LOS ANGELES • We have all yawned each year as Oscar winners rush through the names of the people they want to thank during their brief acceptance speeches, hoping no one is forgotten.
Well, things are about to change.
The producers of the annual Academy Awards announced on Monday that this year's winners will be able to hand over a list of the people they wish to thank, and the names will be scrolled at the bottom of the screen.
The change will allow winners to concentrate on saying what is really on their minds during the 45 seconds they are alloted - rather than making sure they do not forget to thank mum, dad and their pet.
The new rule was announced at the annual Oscar nominees luncheon in Beverly Hills, a star-studded affair taking place this year against a backdrop of controversy over diversity in Hollywood and talk of boycotting the Oscars ceremony on Feb 28.
Although the issue was clearly on many people's mind at the luncheon, Academy president Cheryl Boone Isaacs clearly did not want it to cast a shadow over the event.
"This year, we all know there is an elephant in the room. I have asked the elephant to leave," she said to applause. "Today is all about your incredible work on the screen and behind the camera."
And with that, the academy's diversity controversy - which began last month when its actors branch nominated only white performers for the second year in a row, and continued when Isaacs and her fellow governors announced steps to broaden the group's membership and choices - was taken off the table for the afternoon.
Sylvester Stallone, however, appeared willing to grapple with the elephant by both tusks, revealing he had toyed with boycotting this year's Oscars over the issue.
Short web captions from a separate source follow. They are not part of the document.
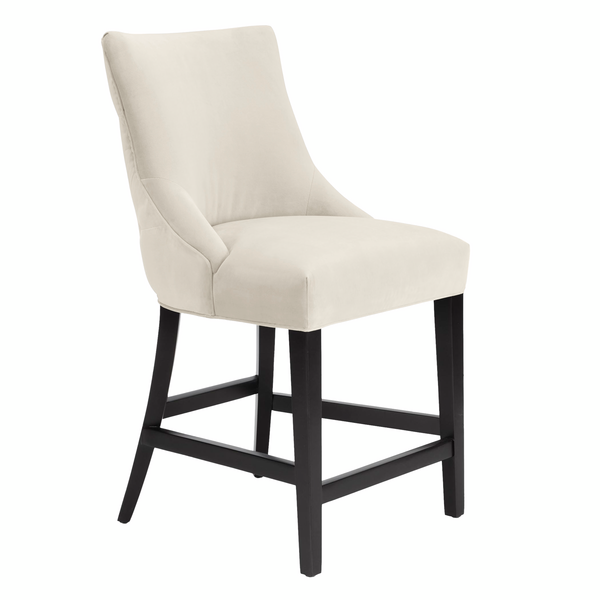 Versailles Stool - Espresso Versailles Stool - Espresso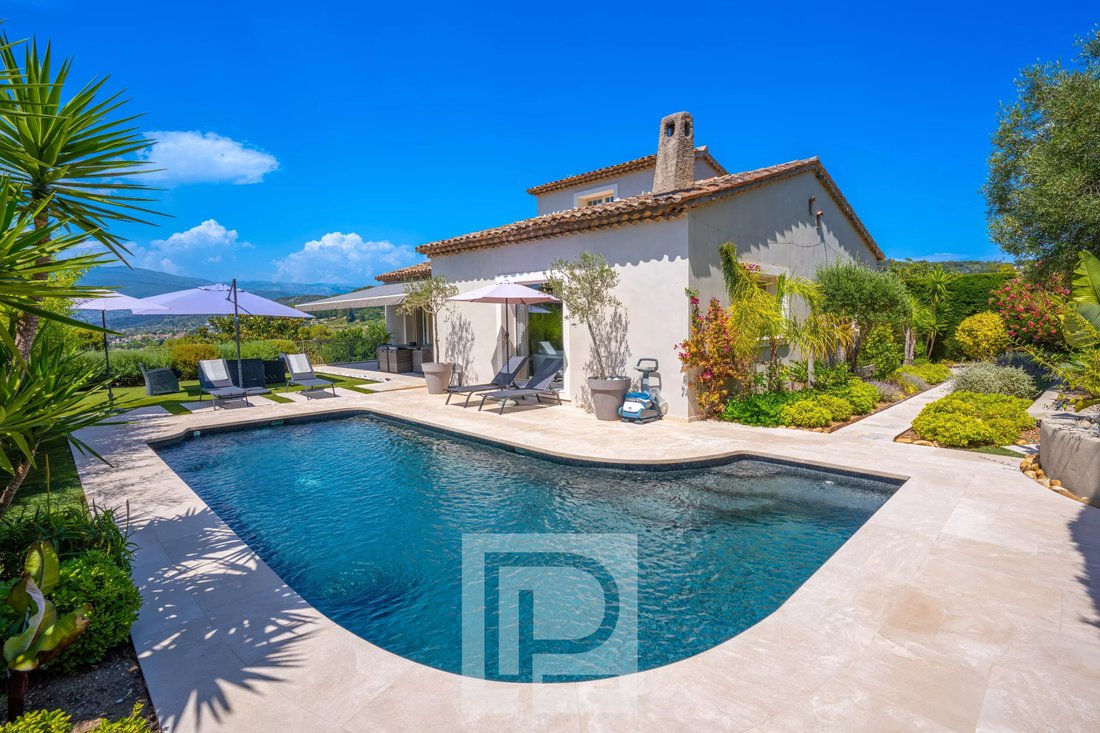 Villa in Mougins, Provence-Alpes-Côte d'Azur, France 1 - 18224064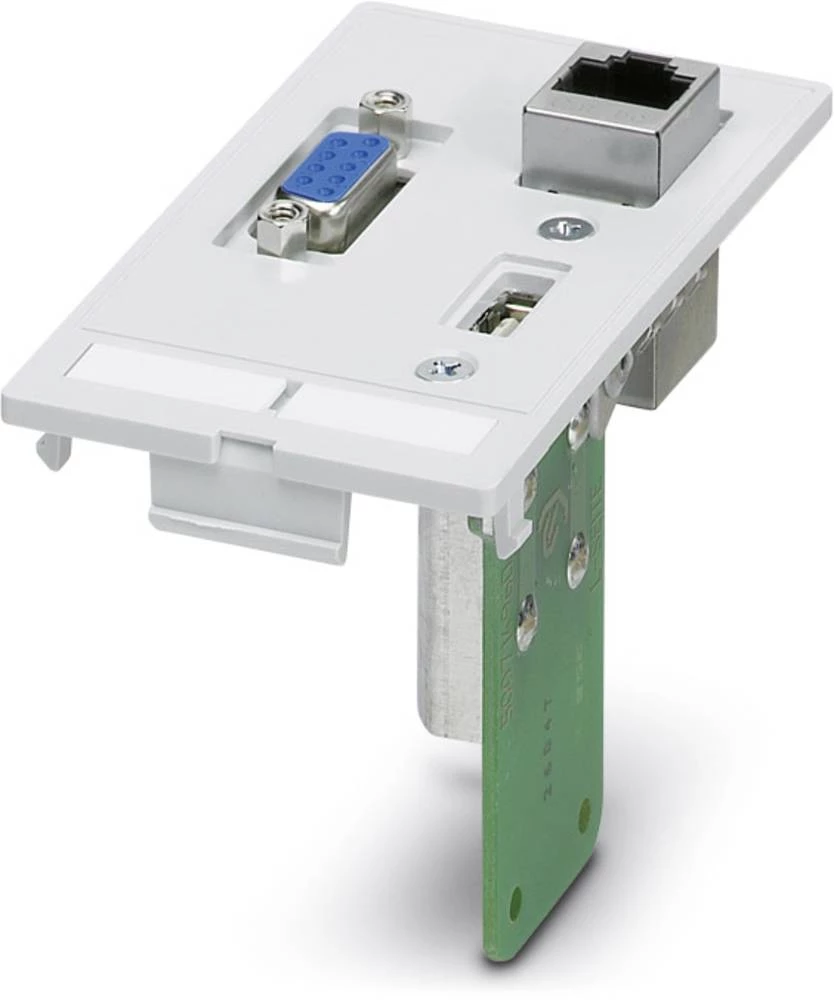 SI-FP-R1A-U1A-D1B - podatkovna prednja ploča SI-FP-R1A-U1A-D1B Phoenix Contact sadržaj: 1 kom. slika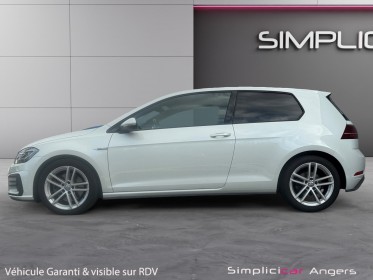 Volkswagen golf 2.0 tdi 184 dsg7 gtd garantie 12 mois occasion simplicicar angers simplicicar simplicibike france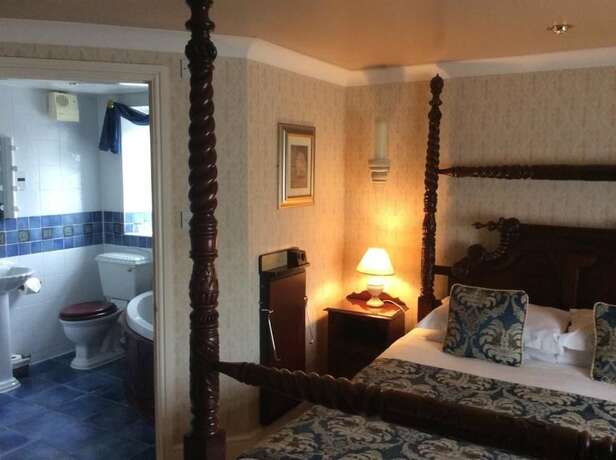 Imagen general del Hotel The Old Coach House, Blackpool. Foto 7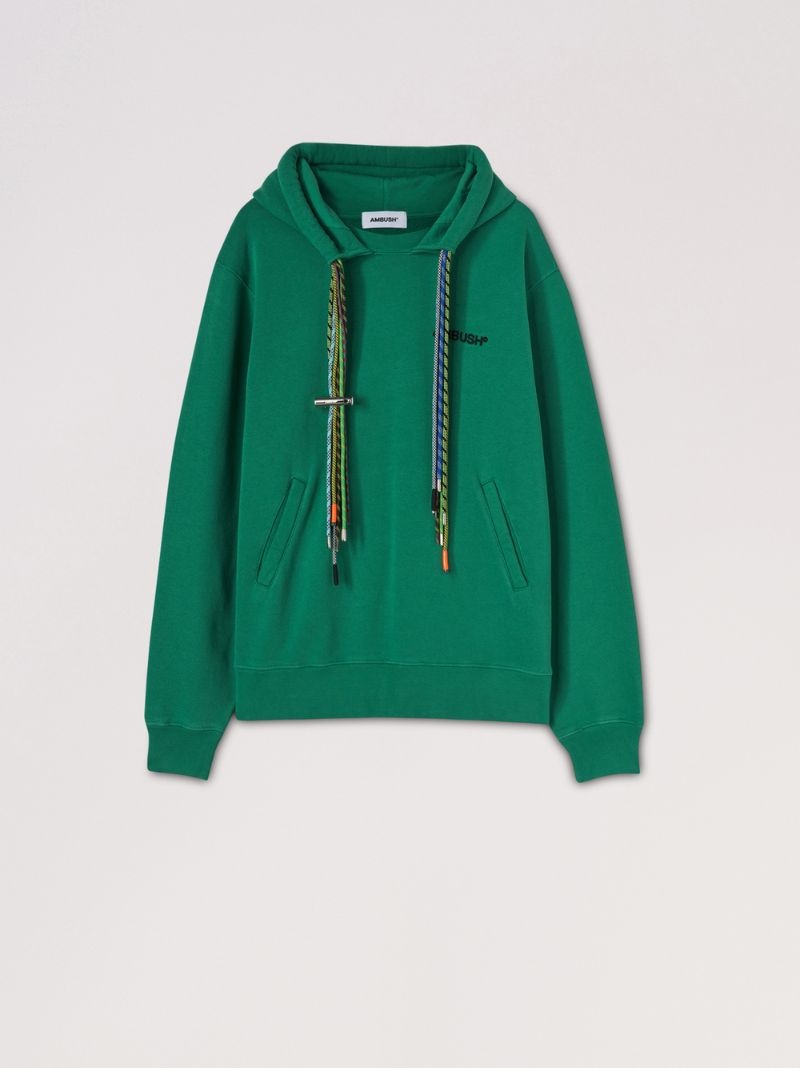 MULTICORD HOODIE - 1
The veteran Rocky actor, 69, was the only nominee for boxing movie Creed although the film stars African-American Michael B. Jordan and was directed and written by Ryan Coogler, who is also black.
He is considered a front runner for the supporting actor Oscar for reprising his role as Rocky Balboa, now a boxing trainer and mentor, in Creed.
"I remember I spoke with Ryan Coogler when this (controversy) happened. I said, 'Ryan how do you want to handle this? Because I really believe you are responsible for me being here,'" he told reporters.
"Michael Jordan, every time I looked in his eyes as an actor, I said, he's making me better. I think he should've been given a lot more respect, a lot more attention.
"(Coogler) goes, 'Sly, just go there, try to represent the film, and we feel you deserve it. Eventually things will change.'"
Stallone was last Oscar- nominated for writing and performing the lead role in his 1976 movie Rocky, which went on to win the best picture Academy Award without the academy honoring his efforts.
Isaacs' message, firmly and briefly delivered, was simply that the Oscar rituals will proceed as planned, no matter the debate about their validity or racial balance.
Most of these nominees are show-business troupers and most have learnt to make the most of their Chantilly cream-covered ride.
"I'm trying to enjoy it, because it is pretty wonderful," said best supporting actress nominee Alicia Vikander, swathed in bright red, as she answered questions in the luncheon's pre-show interview room. She had learnt that lesson, she said, from Eddie Redmayne, her co-star in The Danish Girl, and another of this year's nominees, for best actor. Redmayne was on hand, looking dapper in a sharp grey suit.
By Isaacs' count, about 150 nominees showed up. Matt Damon, nominated for best actor for The Martian, was there, talking up Hollywood executives and Oscar voters during the noontime cocktail hour.
So was Rooney Mara, nominated as best supporting actress for Carol. Ms Dawn Hudson, the academy's chief executive, was seated at a table with Mr Reginald Hudlin and Mr Dave Hill, producers of this year's Oscar show, and a couple of ABC executives.
If they were looking for signs that the Oscars are intact, the nominees luncheon provided plenty.